Work instruction ▸
Your copy should begin at the line containing "UNADJUSTEDNONRAW_thumb_ff8a" and end at the last line of the records; transcribe those lines exactly and leave out every picture.

▼▼▼

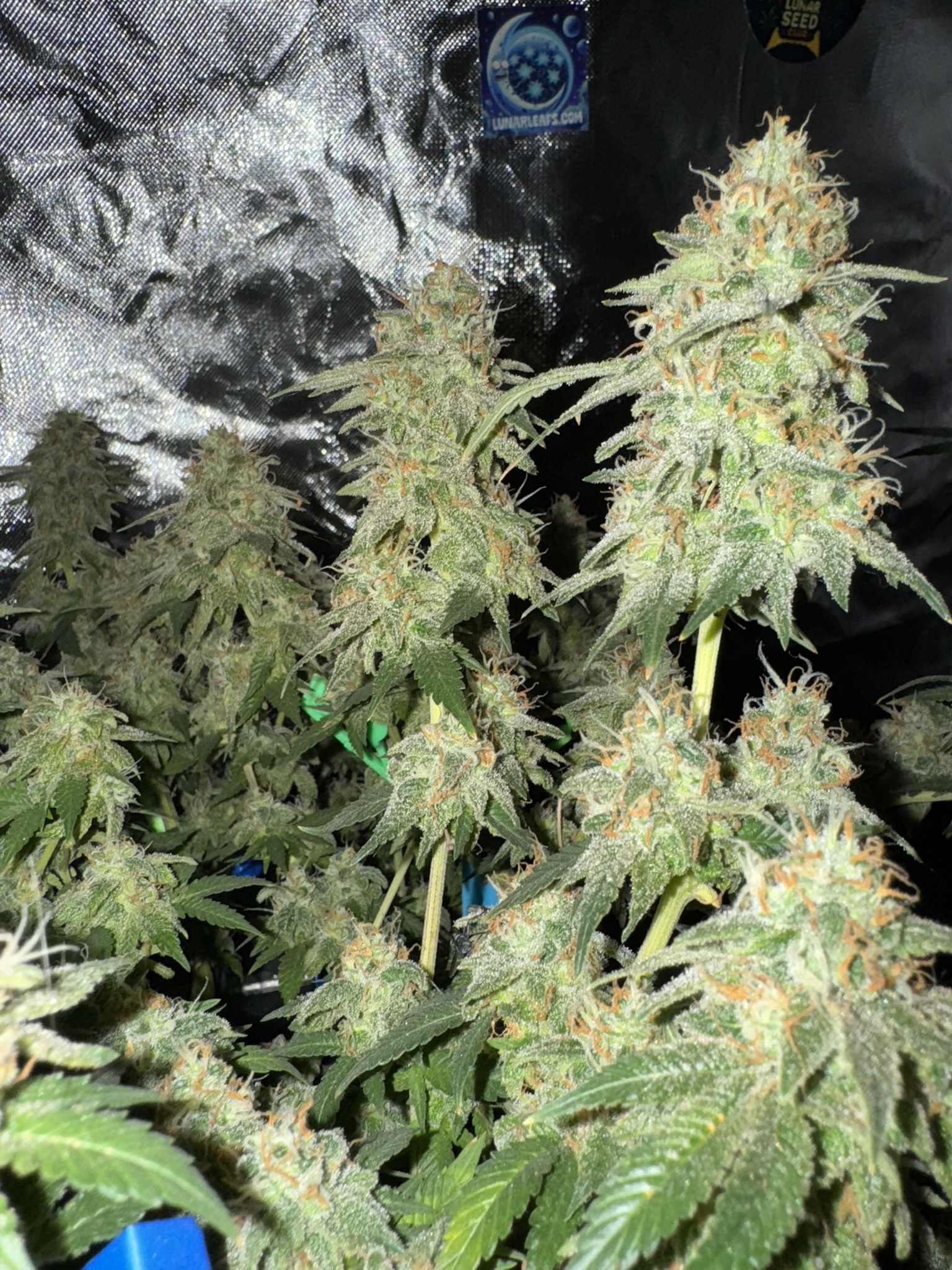 Mars Bud thumbnail 4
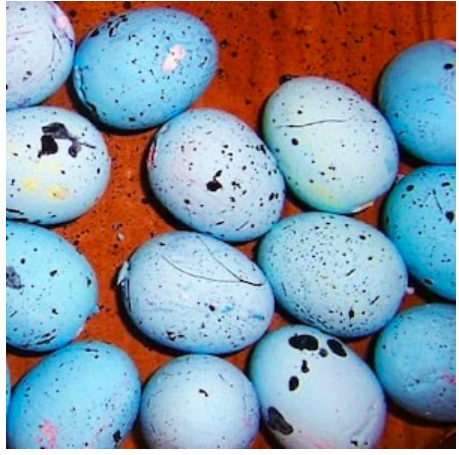 diy--e--ds-robins-eggs--madincrafts.com.png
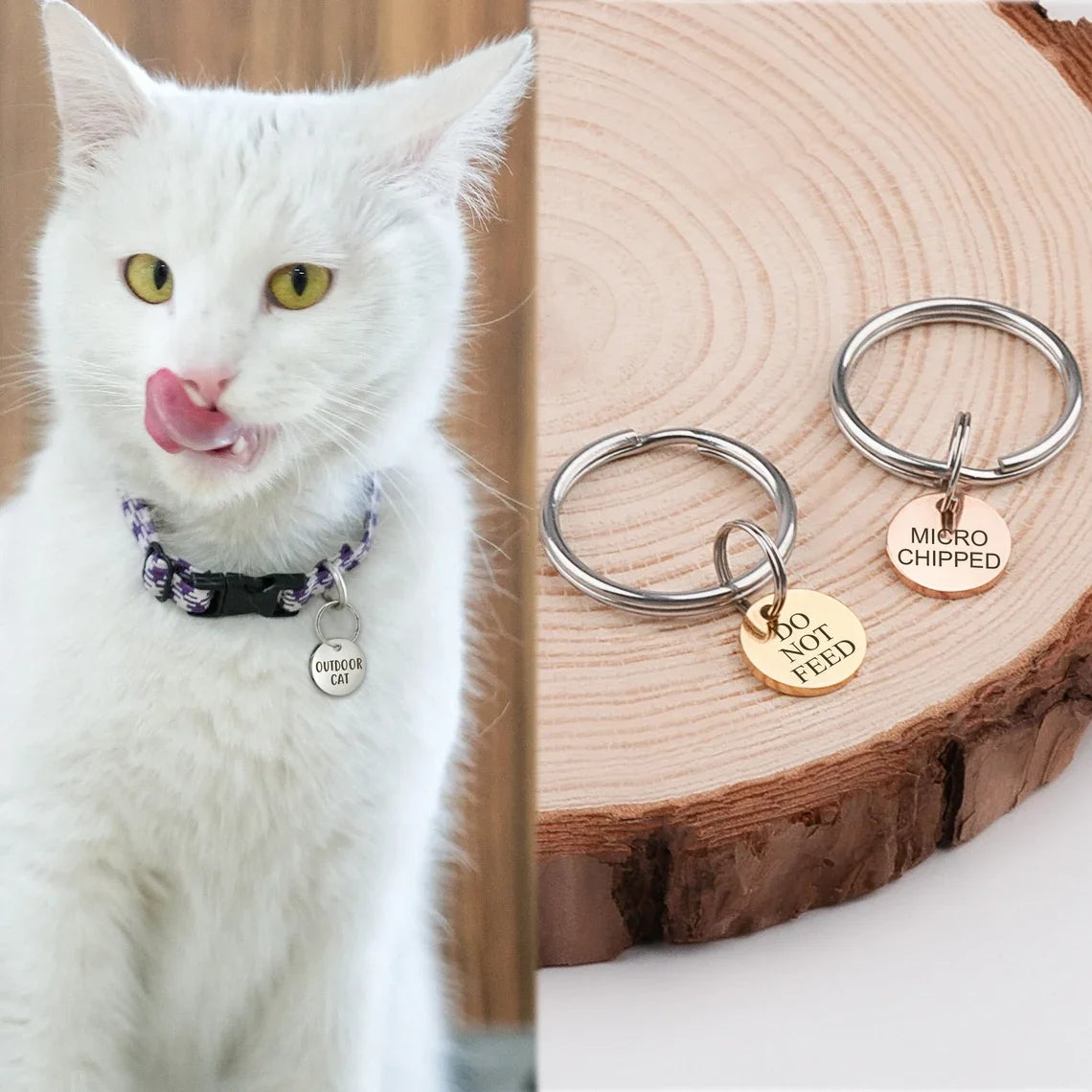 Personalized Mini Pet ID Tag - Engraved Stainless Steel Nameplate for Cat Puppy Kitten - Anti-Lost Custom Pet Tag with Quick Release Ring
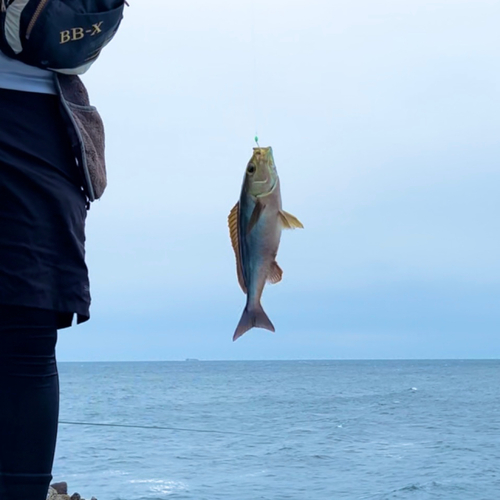 イサキの釣果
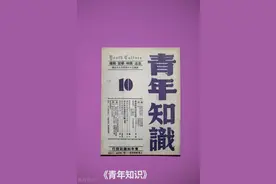 刊号后缀字母为什么不一样？字母的含义是什么？图片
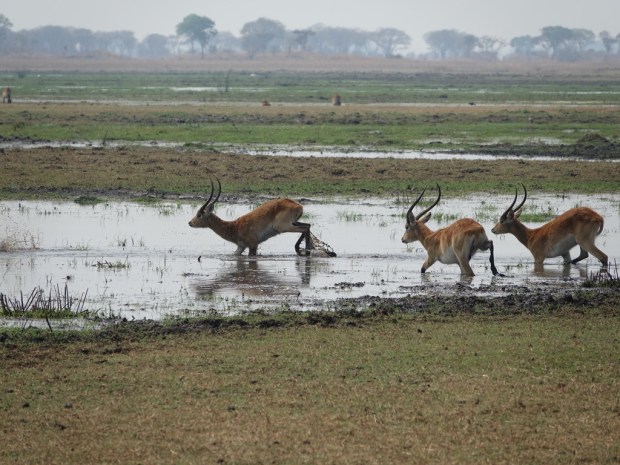 UNADJUSTEDNONRAW_thumb_ff8a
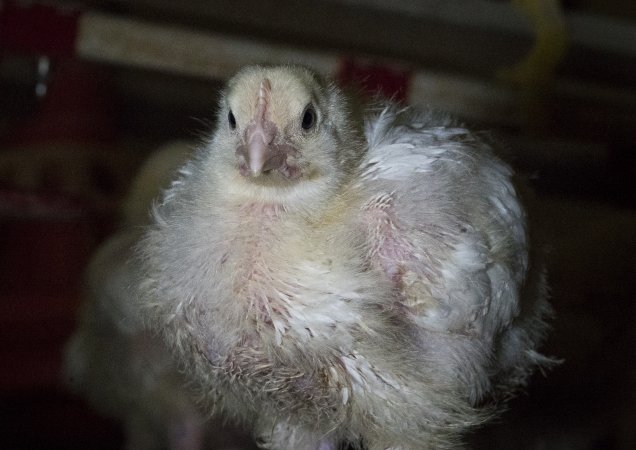 Broiler (meat) chickens approx 2 weeks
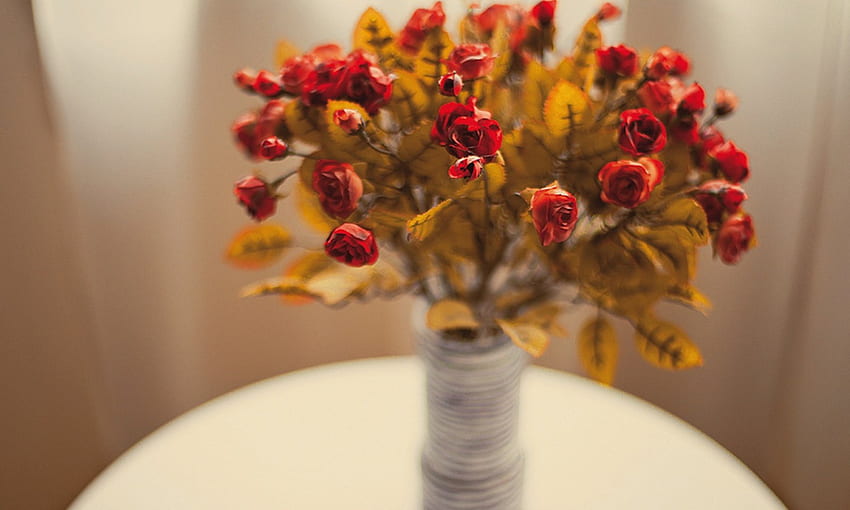 Roses, vase, rouge, fleur Fond d'écran HD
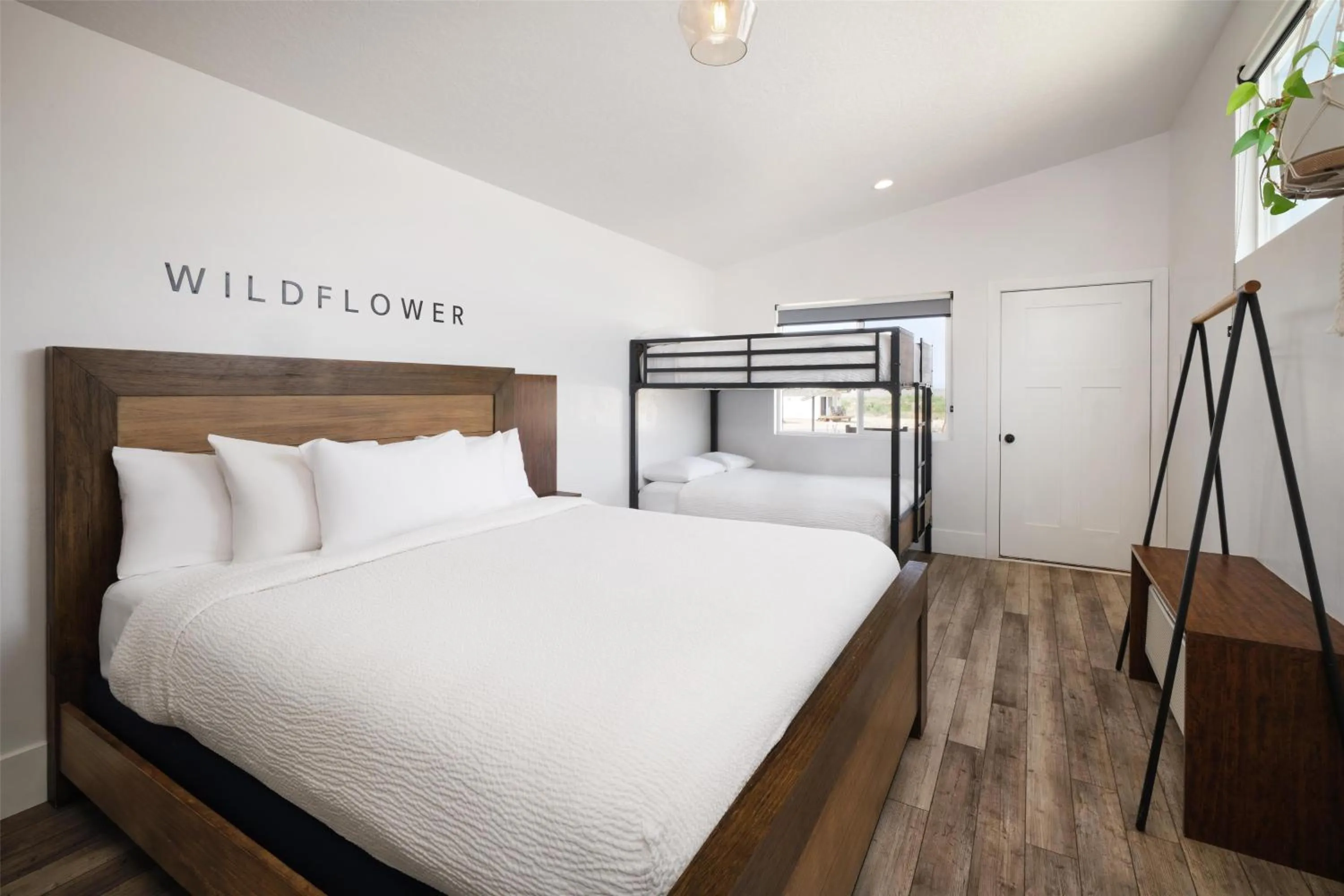 Photo of the whole room, Bed in Zion Wildflower Resort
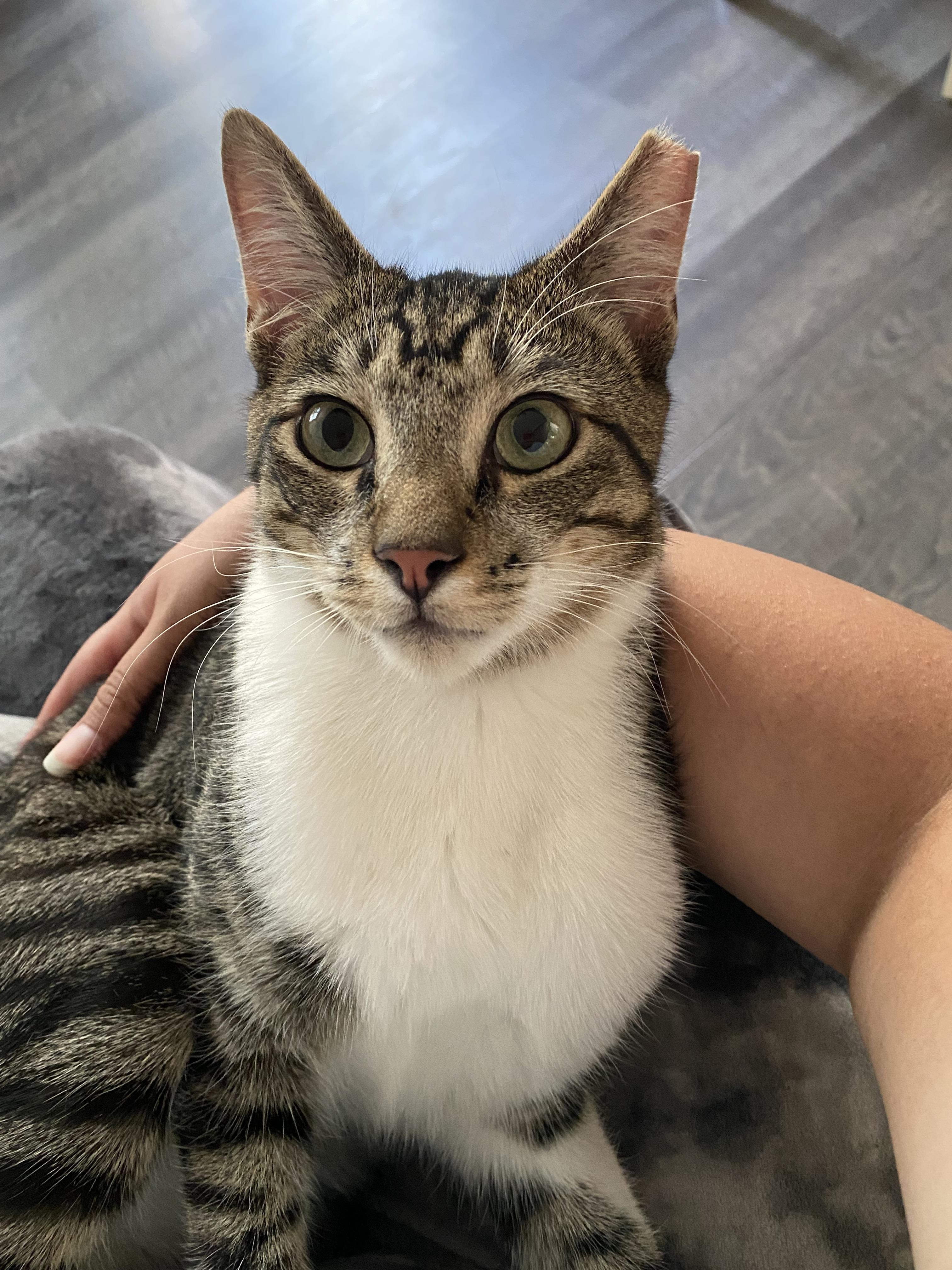 Twix, a Adopted mixed breed in Elk Grove, CA image 2/2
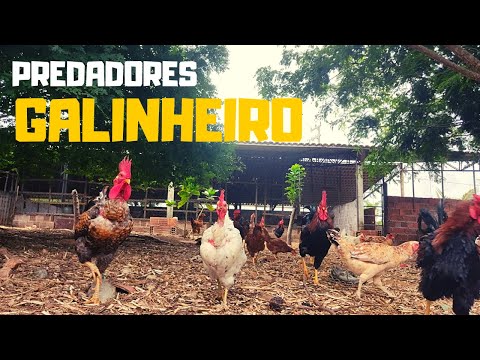 , title : 'como evitar predadores em seu galinheiro | PREDADORES NO GALINHEIRO'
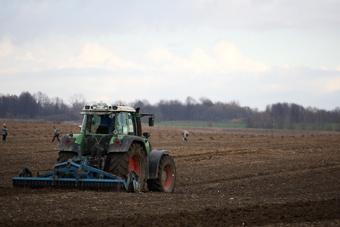СМИ: польские фермеры из-за заморозков потеряют до 90% будущего урожая 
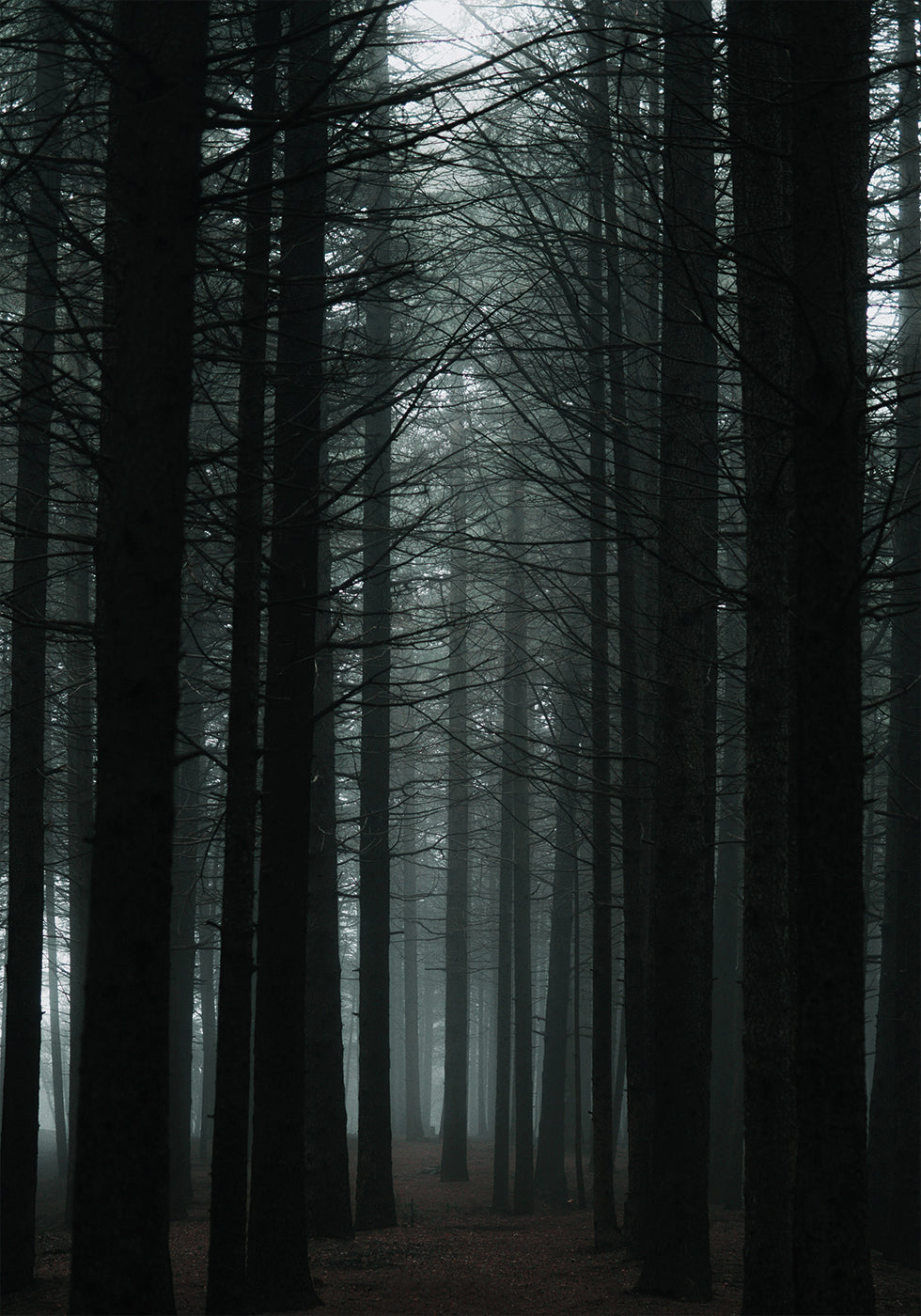 Dark Forest Plakat - Posterbox.dk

▲▲▲

Answer space ▸
 UNADJUSTEDNONRAW_thumb_ff8a
 Broiler (meat) chickens approx 2 weeks
 Roses, vase, rouge, fleur Fond d'écran HD
 Photo of the whole room, Bed in Zion Wildflower Resort
 Twix, a Adopted mixed breed in Elk Grove, CA image 2/2
 , title : 'como evitar predadores em seu galinheiro | PREDADORES NO GALINHEIRO'
СМИ: польские фермеры из-за заморозков потеряют до 90% будущего урожая 
 Dark Forest Plakat - Posterbox.dk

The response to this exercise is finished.